ホームページ「プロジェクト・サイラス・スミス」http://projcyrussmith.moto-nari.com/ のブログ部分です。メインのコンテンツ(翻訳したSF)自体はホームページ側にあります。ブログ側にはSFのレビューなどを投稿しています。 ※SF翻訳活動は、実用度の高い機械翻訳の台頭により意義を失ったと考えるため、2021年以降はほぼ休止しています(2021/4/14投稿を参照)。 ※ブログ内のエントリ間のハイパーリンクはまれに切れている場合がありえます。お手数ですが検索機能をご活用ください。

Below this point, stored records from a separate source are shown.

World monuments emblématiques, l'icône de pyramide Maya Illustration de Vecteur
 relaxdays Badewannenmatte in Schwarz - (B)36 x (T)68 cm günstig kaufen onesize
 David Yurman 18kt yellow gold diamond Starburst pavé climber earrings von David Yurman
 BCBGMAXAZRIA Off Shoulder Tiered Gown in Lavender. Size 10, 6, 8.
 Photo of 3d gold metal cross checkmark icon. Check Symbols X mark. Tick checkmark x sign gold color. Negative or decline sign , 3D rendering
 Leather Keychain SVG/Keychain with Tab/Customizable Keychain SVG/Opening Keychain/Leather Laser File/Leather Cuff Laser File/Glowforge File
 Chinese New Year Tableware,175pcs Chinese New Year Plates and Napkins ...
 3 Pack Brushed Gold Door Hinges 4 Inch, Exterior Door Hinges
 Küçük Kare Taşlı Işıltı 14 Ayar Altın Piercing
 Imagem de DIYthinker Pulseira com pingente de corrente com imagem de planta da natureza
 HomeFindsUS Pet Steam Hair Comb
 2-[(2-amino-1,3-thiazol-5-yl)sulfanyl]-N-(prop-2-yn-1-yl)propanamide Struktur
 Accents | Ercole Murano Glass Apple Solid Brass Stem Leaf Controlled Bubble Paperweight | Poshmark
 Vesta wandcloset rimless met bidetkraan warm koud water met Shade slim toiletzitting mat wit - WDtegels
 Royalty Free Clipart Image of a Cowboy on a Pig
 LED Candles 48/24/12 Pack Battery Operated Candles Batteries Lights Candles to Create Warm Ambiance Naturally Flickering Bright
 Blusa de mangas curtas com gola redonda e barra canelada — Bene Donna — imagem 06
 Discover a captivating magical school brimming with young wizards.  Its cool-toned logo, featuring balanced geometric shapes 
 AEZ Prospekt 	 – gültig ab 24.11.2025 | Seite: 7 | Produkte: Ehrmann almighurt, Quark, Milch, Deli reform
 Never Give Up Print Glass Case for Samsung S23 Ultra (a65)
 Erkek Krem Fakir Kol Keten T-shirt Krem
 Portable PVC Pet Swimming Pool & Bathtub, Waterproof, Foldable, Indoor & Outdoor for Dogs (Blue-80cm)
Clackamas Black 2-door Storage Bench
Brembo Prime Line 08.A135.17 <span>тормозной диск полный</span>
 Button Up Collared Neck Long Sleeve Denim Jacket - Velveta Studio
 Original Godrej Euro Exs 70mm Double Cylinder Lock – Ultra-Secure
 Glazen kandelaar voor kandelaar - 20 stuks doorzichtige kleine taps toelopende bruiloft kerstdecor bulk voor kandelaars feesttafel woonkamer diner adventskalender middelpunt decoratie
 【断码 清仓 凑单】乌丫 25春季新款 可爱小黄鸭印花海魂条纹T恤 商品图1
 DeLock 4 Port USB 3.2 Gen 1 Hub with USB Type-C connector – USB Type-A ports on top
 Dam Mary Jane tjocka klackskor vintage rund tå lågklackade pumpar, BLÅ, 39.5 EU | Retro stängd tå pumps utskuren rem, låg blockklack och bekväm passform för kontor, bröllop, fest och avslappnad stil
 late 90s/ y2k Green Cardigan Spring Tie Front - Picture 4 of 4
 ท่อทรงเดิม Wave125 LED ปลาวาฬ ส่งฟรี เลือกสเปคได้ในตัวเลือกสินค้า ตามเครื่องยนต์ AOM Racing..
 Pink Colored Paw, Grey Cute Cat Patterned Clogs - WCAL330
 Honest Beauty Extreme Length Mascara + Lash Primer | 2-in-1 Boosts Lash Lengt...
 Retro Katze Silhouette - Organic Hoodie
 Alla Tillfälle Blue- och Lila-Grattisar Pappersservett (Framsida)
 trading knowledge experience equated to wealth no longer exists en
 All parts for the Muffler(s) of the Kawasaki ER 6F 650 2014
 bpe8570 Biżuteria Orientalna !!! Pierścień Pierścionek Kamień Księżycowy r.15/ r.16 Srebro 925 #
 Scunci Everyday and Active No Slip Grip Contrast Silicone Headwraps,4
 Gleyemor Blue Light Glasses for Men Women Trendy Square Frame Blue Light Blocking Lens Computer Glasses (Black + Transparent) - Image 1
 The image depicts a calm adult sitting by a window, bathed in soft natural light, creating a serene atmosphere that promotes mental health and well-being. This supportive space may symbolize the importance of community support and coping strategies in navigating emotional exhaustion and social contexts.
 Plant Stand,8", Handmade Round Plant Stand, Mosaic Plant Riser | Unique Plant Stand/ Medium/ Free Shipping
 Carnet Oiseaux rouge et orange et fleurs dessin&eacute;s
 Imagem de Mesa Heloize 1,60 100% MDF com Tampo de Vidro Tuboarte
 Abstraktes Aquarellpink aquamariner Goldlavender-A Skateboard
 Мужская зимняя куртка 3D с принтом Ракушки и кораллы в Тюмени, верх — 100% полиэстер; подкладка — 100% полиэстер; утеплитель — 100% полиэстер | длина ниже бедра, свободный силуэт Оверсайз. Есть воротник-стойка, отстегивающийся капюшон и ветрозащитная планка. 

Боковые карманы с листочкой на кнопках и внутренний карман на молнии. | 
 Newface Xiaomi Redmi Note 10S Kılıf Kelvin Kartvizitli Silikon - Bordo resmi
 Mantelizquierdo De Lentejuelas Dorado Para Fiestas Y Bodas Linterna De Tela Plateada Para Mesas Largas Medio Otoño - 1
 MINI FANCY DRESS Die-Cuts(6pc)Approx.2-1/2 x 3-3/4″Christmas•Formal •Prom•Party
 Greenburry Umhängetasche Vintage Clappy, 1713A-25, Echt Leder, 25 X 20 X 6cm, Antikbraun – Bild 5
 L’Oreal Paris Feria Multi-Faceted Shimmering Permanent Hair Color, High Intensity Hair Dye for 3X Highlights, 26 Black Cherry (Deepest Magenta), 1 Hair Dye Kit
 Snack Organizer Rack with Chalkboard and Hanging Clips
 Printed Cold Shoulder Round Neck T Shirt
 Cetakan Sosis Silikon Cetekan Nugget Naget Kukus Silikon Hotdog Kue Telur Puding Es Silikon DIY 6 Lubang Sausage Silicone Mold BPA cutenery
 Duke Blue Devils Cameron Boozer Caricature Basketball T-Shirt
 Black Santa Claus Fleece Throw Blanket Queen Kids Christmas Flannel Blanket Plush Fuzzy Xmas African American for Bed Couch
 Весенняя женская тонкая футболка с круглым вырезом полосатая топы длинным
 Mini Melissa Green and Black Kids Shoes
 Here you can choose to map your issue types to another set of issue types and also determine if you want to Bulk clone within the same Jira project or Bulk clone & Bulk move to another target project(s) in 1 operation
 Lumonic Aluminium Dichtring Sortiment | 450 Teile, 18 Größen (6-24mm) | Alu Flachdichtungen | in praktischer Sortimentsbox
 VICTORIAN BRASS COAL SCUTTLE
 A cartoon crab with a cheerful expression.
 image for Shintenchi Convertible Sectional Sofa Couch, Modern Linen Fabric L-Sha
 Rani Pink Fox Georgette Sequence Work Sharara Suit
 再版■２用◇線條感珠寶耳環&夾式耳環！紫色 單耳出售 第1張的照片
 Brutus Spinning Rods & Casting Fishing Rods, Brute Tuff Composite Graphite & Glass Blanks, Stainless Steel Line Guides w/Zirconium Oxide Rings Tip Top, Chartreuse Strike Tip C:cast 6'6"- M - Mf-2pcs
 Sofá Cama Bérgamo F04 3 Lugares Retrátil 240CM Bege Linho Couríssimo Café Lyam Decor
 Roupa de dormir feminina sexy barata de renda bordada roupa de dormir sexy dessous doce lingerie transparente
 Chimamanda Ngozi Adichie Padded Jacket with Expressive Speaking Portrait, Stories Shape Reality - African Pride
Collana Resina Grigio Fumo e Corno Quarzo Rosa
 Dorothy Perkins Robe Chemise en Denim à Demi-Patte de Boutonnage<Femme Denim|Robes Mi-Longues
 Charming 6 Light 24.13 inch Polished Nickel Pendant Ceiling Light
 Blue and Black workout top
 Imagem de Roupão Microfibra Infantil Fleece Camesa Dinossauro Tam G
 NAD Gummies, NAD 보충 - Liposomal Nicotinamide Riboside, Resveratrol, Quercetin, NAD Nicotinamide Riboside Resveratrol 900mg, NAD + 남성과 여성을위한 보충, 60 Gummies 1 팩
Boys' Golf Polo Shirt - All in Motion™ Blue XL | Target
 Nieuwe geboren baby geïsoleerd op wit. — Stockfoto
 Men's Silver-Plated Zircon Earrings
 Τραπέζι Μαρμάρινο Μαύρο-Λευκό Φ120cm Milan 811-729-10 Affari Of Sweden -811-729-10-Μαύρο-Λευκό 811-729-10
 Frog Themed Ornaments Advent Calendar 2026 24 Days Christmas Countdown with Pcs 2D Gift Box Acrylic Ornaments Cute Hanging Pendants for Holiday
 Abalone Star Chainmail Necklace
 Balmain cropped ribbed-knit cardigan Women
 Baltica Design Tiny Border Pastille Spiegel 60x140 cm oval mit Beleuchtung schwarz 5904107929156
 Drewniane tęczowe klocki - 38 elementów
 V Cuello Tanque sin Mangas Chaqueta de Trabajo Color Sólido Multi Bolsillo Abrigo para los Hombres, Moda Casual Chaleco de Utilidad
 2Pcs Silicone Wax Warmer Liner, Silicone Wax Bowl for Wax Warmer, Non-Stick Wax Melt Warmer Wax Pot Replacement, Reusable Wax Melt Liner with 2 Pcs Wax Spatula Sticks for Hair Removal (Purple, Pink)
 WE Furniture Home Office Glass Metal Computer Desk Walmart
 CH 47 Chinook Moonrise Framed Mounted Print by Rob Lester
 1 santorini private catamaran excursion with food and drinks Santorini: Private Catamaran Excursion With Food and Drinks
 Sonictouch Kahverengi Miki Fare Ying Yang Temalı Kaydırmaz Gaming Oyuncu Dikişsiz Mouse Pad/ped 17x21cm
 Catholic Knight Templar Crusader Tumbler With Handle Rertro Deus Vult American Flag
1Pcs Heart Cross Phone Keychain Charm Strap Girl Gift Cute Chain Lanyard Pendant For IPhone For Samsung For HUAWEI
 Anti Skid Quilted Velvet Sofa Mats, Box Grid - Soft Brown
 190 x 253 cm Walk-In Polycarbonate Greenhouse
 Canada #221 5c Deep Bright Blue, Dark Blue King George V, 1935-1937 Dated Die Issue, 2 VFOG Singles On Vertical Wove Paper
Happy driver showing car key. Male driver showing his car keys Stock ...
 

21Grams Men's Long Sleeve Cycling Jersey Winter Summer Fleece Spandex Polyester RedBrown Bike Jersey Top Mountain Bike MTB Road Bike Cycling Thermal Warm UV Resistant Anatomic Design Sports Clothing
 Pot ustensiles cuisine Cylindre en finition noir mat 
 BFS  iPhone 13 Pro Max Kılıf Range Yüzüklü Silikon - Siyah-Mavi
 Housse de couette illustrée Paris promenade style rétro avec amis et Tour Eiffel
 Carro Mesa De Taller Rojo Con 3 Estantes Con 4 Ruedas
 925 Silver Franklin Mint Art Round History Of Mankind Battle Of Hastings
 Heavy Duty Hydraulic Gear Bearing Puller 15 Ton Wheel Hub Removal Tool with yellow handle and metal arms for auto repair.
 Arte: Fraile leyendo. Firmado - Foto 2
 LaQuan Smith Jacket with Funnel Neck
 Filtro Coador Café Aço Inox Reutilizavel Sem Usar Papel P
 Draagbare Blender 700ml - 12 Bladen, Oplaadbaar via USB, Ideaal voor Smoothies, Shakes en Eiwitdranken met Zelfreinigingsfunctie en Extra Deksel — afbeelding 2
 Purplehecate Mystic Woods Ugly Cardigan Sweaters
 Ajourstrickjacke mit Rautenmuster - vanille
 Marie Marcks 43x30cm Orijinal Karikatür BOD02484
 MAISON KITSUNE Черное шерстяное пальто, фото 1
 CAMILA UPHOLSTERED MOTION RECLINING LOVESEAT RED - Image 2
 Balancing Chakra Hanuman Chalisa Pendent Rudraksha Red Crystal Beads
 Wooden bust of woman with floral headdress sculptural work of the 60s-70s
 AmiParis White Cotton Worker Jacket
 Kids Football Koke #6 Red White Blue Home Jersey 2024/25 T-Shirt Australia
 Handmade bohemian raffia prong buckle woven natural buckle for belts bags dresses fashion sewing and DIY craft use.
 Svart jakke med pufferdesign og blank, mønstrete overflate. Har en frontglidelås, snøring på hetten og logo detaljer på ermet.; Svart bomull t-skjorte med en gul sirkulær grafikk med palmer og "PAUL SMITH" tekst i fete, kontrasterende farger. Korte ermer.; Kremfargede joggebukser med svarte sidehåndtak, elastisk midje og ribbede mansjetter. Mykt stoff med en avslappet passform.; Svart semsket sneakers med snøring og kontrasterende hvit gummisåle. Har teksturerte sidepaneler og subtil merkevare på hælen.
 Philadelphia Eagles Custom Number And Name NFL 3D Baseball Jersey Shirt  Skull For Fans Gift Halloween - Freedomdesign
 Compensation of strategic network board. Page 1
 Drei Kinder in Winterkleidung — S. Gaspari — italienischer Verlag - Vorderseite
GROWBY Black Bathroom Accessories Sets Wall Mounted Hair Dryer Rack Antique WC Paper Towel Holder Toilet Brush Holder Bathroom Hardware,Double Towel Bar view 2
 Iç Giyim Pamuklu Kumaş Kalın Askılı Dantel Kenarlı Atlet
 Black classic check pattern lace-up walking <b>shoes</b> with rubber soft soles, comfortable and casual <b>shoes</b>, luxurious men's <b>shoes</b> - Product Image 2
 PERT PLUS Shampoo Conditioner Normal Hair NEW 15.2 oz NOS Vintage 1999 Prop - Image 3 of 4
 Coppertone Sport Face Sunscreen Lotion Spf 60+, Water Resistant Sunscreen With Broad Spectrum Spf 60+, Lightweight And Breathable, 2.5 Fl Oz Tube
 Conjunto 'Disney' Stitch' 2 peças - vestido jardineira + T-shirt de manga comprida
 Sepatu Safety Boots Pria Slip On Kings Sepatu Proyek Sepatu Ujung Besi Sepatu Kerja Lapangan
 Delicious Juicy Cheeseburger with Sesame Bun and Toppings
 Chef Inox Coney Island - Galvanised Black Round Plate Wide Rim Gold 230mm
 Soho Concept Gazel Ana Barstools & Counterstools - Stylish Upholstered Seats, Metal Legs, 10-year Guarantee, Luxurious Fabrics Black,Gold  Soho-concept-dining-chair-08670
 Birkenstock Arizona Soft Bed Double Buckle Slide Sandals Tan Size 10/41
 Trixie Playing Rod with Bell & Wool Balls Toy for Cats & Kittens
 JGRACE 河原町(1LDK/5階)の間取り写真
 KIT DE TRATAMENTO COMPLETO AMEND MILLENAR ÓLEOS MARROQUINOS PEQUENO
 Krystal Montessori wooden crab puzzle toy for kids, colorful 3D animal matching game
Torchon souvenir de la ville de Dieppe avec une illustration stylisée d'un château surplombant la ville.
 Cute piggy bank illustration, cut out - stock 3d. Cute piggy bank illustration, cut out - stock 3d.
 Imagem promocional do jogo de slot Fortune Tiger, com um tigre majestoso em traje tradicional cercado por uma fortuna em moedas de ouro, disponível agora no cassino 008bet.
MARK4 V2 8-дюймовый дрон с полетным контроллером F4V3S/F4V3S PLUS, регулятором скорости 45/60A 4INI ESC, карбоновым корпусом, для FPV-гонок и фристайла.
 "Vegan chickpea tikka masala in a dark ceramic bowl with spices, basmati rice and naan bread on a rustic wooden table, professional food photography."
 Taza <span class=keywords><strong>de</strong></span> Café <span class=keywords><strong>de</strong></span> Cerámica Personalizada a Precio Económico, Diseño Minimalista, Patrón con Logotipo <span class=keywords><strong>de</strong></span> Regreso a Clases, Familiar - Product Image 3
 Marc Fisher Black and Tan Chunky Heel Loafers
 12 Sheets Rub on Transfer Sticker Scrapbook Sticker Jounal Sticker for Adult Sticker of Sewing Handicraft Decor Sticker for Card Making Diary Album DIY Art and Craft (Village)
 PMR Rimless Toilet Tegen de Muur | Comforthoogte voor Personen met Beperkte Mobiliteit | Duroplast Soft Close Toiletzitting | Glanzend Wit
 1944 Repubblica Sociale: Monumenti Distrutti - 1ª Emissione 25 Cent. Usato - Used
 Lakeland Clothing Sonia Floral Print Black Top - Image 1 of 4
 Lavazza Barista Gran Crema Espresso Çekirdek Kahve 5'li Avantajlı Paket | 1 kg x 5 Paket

E・R・バローズ『風雲のメキシコ(マッカー・シリーズ2)』感想

SFではないので――また、前巻『南海の秘境』が光る点はありながらも成功作とは言い難いことから―――全く期待せず手に取ったのだが、意外や意外、かなり面白かった。本シリーズがバローズの最高傑作だというリチャード・ルポフの評価も一理ある。バローズの多くの作品に見られる多くの欠点が軽減され、逆にいくつかの作品に萌芽的に見られる程度の美点がはっきりと発現し、バローズの作品の中では小説として類まれな出来ばえとなっている。

主人公ビリーは前作に引き続き、いや前作よりもさらにキャラクターの魅力に磨きが掛かっているし、相方の謎の男L・ブリッジも他のバローズ作品には見られない独自性と存在感があり、作品の質を高めることに貢献している。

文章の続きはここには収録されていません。